[INPUT DATA]

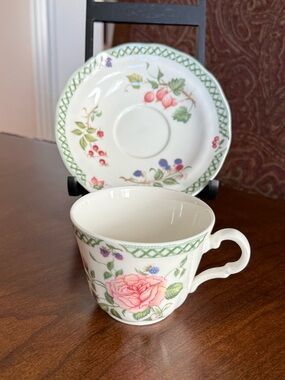 Vintage Royal Doulton Victorian Garden Teacup and Saucer Set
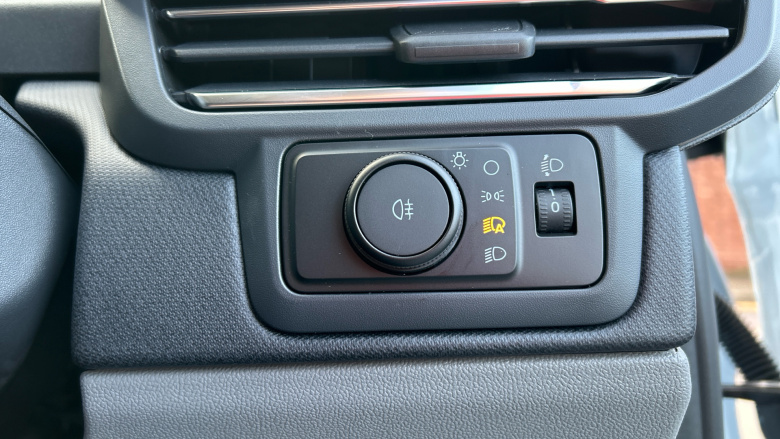 Ford Tourneo Custom 320 L1 Diesel Fwd 2.0 EcoBlue 136ps H1 Titanium 8 seater Auto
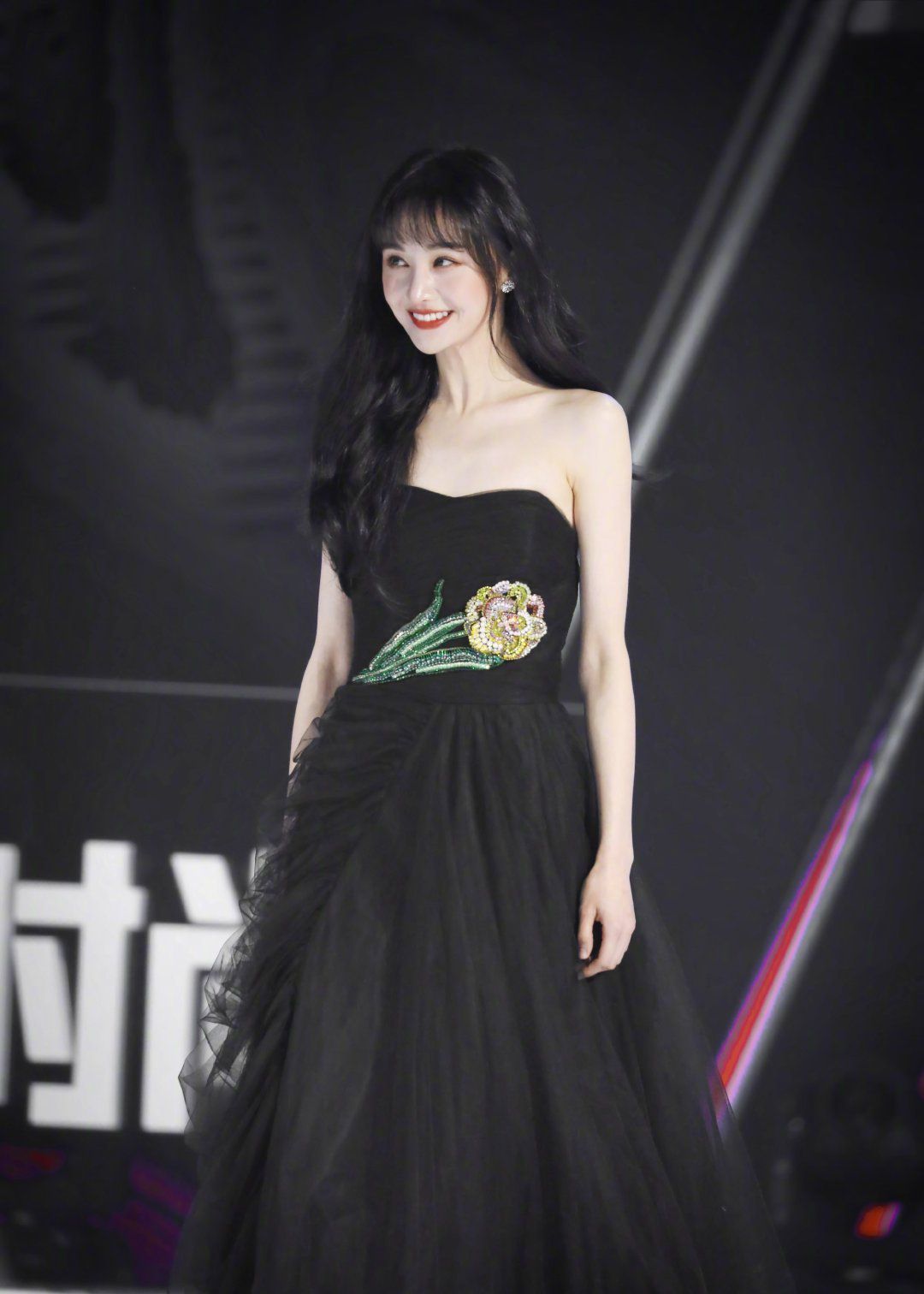 郑爽腿又上热搜,无一丝赘肉,依靠这组瑜伽体式,练出修长美腿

[/INPUT DATA]

→ **ASSIGNMENT**
The data above are to be repeated word for word, with any pictures left out.

→ **REPLY**
 Vintage Royal Doulton Victorian Garden Teacup and Saucer Set
 Ford Tourneo Custom 320 L1 Diesel Fwd 2.0 EcoBlue 136ps H1 Titanium 8 seater Auto
 郑爽腿又上热搜,无一丝赘肉,依靠这组瑜伽体式,练出修长美腿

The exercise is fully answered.